Three people who tried unsuccessfully for Waldron's seat have been sniffing out the new one, said Mayor Marvin L. Gillum (R). Gillum declined to give specifics.

The city's advertisements for the position, which will run later this week, sets the application deadline for July 7. At least one public hearing will follow, giving candidates a chance to argue their cases.

Grzejka leaves two substantial voids in the city to be filled by other council members: the vice mayorship, which is elected by the council as a whole; and the stewardship of the Finance Committee, which must be appointed by the mayor.

At Monday's special City Council meeting, Grzejka sat in the audience and saw things from the other side of the table. With two other council members absent from the meeting, the three left seemed struck by their own small size.

Council member J. Steven Randolph (I) said, "I declare a moratorium on anyone else leaving the council."

New Office, New Headaches

As one chapter closes, another begins.

As Grzejka leaves the council, he inherits an office plagued by computer-related problems. On Monday, the City Council agreed to postpone the deadline for paying personal property taxes by two months after Grzejka plainly endorsed the move in his new capacity as commissioner of revenue.
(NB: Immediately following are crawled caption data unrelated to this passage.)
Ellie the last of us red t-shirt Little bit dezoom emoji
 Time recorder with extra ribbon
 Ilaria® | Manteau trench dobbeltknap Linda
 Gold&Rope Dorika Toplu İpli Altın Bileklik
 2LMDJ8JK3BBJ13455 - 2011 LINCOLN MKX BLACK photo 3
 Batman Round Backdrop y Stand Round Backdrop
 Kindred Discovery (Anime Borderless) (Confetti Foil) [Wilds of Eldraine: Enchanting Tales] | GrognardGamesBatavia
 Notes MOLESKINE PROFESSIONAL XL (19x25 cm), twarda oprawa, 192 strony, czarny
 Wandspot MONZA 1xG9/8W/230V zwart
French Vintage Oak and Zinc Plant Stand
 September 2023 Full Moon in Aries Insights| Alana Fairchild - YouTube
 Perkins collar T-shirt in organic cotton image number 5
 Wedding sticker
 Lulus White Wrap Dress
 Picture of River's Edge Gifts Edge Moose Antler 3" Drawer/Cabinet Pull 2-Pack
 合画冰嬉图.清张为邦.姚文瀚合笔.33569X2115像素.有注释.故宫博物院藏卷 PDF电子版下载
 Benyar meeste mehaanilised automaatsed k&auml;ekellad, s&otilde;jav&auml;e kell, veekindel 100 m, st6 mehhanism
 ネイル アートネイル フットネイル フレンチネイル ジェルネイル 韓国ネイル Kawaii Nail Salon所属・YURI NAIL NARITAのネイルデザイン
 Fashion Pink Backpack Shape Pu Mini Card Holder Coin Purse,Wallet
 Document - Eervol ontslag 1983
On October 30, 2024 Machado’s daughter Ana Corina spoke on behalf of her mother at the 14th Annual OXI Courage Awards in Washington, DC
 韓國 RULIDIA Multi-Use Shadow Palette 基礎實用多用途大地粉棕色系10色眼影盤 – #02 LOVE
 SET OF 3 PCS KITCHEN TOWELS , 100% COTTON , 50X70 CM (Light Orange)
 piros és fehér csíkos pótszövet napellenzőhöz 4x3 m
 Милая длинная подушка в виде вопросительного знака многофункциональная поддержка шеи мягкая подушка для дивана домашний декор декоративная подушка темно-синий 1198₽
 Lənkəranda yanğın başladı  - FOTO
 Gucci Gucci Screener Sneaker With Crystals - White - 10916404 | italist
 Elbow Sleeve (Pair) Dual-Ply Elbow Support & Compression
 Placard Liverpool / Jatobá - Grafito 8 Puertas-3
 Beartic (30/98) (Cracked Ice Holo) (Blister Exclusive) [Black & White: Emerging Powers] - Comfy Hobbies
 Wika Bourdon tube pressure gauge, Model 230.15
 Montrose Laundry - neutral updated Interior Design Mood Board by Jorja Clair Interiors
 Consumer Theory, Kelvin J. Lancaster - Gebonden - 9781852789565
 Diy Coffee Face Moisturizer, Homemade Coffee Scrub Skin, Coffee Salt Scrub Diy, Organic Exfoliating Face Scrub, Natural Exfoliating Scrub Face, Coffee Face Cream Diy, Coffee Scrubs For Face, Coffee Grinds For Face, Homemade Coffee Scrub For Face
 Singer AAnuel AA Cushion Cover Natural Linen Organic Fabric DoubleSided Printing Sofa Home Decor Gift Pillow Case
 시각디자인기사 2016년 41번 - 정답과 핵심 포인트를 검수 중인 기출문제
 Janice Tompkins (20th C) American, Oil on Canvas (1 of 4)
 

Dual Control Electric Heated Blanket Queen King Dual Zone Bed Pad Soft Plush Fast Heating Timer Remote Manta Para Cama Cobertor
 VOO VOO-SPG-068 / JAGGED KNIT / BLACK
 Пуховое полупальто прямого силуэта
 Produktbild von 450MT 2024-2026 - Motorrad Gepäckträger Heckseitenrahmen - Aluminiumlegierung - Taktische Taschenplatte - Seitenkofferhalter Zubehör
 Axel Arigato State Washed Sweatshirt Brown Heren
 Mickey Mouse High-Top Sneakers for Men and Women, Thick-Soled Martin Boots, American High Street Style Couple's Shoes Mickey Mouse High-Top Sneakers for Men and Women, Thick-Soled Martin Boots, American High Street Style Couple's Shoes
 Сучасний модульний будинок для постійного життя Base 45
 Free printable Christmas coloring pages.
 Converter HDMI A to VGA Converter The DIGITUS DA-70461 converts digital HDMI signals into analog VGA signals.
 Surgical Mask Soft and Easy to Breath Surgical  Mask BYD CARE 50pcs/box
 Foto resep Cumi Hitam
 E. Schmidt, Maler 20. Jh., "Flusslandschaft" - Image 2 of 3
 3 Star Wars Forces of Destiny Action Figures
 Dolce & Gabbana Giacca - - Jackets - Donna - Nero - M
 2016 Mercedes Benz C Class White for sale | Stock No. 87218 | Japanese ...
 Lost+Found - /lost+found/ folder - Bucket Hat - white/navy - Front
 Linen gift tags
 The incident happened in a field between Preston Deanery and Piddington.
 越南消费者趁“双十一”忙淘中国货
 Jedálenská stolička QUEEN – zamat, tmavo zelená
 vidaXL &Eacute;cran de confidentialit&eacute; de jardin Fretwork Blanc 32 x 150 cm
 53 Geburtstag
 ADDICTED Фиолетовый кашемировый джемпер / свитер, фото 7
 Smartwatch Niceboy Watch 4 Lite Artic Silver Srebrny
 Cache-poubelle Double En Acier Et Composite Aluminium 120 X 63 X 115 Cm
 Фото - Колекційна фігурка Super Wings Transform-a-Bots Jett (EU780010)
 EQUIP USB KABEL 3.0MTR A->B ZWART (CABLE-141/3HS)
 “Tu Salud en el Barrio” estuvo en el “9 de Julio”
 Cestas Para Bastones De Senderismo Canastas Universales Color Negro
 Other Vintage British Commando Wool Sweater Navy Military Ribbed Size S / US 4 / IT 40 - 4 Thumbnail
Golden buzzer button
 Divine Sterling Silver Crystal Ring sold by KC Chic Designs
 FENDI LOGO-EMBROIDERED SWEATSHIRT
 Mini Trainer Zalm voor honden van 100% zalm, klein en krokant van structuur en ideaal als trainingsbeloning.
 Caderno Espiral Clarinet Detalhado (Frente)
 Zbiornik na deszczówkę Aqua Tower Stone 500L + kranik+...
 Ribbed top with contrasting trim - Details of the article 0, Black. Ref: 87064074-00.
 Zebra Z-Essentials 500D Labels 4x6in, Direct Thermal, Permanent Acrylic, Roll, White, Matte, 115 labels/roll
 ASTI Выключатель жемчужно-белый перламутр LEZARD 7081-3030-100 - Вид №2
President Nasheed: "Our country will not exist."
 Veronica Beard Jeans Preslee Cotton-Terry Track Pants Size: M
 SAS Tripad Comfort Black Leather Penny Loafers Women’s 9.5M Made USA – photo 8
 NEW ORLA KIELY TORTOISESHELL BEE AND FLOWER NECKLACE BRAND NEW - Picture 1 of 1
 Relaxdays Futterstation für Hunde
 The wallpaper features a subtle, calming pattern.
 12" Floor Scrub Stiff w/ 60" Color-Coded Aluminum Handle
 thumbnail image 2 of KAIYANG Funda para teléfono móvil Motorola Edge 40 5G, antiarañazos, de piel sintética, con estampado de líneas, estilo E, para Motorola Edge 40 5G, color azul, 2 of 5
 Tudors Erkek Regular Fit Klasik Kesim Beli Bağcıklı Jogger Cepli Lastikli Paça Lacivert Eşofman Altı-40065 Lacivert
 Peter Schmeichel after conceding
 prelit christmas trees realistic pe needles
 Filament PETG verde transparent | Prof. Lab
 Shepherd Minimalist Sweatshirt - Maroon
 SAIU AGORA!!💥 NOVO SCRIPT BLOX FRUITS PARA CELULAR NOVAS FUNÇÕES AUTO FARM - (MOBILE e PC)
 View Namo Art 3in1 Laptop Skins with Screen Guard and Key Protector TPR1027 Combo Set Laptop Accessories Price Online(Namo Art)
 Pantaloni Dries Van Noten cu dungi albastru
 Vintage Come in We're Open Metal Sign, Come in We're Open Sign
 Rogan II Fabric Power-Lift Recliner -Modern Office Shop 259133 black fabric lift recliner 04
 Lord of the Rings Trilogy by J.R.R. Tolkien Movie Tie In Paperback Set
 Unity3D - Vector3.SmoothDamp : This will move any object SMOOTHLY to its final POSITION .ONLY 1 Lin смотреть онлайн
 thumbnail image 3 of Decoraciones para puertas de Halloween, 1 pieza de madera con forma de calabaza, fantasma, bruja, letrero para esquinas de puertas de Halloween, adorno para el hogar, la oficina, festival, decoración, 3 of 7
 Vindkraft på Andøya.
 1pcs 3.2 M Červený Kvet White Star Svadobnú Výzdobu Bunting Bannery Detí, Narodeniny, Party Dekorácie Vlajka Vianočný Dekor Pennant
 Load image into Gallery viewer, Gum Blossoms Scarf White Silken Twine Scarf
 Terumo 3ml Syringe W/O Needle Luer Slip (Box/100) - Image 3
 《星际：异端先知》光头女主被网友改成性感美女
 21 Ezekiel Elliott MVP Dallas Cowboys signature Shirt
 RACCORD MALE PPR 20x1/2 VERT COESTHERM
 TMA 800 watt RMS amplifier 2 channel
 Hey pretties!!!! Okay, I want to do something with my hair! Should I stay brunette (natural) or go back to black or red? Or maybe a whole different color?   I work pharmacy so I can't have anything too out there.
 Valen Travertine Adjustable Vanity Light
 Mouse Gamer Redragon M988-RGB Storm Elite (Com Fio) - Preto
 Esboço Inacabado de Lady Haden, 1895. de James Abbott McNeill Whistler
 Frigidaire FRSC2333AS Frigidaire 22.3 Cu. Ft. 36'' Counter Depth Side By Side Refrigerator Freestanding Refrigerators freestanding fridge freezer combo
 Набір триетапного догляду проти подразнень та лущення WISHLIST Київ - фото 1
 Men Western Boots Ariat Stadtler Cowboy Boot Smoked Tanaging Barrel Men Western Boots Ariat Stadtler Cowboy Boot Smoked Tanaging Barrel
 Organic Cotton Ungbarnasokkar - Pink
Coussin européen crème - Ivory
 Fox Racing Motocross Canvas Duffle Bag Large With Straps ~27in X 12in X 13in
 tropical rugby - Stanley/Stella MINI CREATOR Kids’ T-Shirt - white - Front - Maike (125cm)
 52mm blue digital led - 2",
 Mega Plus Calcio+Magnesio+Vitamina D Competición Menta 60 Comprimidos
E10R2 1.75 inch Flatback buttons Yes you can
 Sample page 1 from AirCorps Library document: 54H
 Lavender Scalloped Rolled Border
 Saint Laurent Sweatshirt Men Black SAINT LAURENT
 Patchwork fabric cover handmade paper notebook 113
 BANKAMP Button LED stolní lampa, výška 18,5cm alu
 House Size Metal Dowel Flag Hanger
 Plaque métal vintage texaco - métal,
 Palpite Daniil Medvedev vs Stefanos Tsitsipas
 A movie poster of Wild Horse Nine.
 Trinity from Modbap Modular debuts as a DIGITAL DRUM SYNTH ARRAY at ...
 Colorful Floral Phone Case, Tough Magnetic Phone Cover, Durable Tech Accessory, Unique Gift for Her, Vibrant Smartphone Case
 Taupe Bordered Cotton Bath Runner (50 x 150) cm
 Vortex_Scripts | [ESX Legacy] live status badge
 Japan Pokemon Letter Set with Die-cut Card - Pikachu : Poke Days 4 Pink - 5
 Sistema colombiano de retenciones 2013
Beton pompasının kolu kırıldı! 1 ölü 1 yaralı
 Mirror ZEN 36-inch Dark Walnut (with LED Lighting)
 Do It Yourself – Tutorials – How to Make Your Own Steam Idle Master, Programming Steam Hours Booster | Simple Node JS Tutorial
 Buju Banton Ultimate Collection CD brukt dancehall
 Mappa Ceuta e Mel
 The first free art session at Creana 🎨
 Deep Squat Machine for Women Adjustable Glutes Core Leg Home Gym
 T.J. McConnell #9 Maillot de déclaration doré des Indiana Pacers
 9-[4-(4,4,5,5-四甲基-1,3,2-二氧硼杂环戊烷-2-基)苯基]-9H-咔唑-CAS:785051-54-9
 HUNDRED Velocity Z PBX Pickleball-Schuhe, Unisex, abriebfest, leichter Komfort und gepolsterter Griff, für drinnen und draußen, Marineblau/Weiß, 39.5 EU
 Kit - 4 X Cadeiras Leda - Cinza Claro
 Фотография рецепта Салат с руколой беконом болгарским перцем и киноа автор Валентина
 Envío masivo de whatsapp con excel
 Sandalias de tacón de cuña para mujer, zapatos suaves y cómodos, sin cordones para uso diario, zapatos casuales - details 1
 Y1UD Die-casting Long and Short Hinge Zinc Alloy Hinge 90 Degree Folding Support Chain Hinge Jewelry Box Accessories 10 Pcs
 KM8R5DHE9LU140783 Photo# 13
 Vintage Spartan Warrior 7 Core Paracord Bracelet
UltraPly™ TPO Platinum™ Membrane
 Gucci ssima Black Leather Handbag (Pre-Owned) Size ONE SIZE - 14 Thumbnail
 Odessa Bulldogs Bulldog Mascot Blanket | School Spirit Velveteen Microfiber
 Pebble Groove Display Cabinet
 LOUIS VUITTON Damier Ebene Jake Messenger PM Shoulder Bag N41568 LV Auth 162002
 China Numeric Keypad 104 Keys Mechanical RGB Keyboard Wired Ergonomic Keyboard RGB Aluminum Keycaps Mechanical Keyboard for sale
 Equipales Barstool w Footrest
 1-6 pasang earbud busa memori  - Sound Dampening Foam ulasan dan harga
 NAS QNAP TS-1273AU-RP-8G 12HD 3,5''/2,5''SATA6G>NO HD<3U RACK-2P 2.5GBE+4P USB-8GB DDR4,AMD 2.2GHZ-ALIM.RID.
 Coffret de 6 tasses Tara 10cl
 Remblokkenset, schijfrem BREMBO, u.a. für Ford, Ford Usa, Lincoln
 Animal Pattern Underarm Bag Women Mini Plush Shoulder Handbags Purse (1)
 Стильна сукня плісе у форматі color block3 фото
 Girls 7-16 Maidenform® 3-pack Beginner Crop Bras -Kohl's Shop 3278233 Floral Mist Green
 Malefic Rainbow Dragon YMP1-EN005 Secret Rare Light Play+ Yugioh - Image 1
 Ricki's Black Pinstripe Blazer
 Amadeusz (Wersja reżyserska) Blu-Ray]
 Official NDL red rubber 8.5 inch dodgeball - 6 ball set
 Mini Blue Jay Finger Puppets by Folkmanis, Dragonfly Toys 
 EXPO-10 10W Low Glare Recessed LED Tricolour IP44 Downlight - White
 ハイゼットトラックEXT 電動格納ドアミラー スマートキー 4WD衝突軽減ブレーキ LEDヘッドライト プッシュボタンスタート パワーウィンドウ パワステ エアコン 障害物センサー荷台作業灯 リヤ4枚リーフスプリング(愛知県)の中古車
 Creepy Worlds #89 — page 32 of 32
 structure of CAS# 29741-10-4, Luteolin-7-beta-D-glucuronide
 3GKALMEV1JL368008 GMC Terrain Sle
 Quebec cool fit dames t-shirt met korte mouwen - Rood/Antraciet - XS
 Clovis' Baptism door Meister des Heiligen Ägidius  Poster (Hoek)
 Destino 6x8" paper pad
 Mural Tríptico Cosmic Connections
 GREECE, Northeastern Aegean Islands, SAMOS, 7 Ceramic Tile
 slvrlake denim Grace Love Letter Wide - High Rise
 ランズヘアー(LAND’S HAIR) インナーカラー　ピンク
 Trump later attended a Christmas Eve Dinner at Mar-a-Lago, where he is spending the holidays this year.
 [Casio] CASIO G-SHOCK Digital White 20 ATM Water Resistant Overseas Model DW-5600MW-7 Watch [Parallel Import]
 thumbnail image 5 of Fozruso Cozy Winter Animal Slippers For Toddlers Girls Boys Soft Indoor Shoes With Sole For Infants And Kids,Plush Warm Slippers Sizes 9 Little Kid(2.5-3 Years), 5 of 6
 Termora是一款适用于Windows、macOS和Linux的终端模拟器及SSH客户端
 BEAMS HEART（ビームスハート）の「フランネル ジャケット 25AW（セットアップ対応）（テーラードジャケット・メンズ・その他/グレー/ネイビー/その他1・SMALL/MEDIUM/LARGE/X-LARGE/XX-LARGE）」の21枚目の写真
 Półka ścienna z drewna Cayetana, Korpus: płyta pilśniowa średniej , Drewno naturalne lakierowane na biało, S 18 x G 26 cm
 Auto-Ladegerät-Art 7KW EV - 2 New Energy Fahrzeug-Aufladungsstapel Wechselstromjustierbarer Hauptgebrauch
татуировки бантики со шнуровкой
"If there was any way we could move [the deadline] sooner than Dec. 5, I would come before you and tell you that," Grzejka told council members after a day spent familiarizing himself with the issue. "But I can't see that happening."

Instead of personal property taxes and car decal fees being due Nov. 5, as they were supposed to this year, Grzejka said his office will just be sending out billings around then. The decal fees are being bundled with personal property taxes for the first time this year.

The city has said that the delay is because the software company, HTE Inc., was slow in sending car decal software this spring and because staff have been busy entering data that would already be in the system if not for other complications with HTE.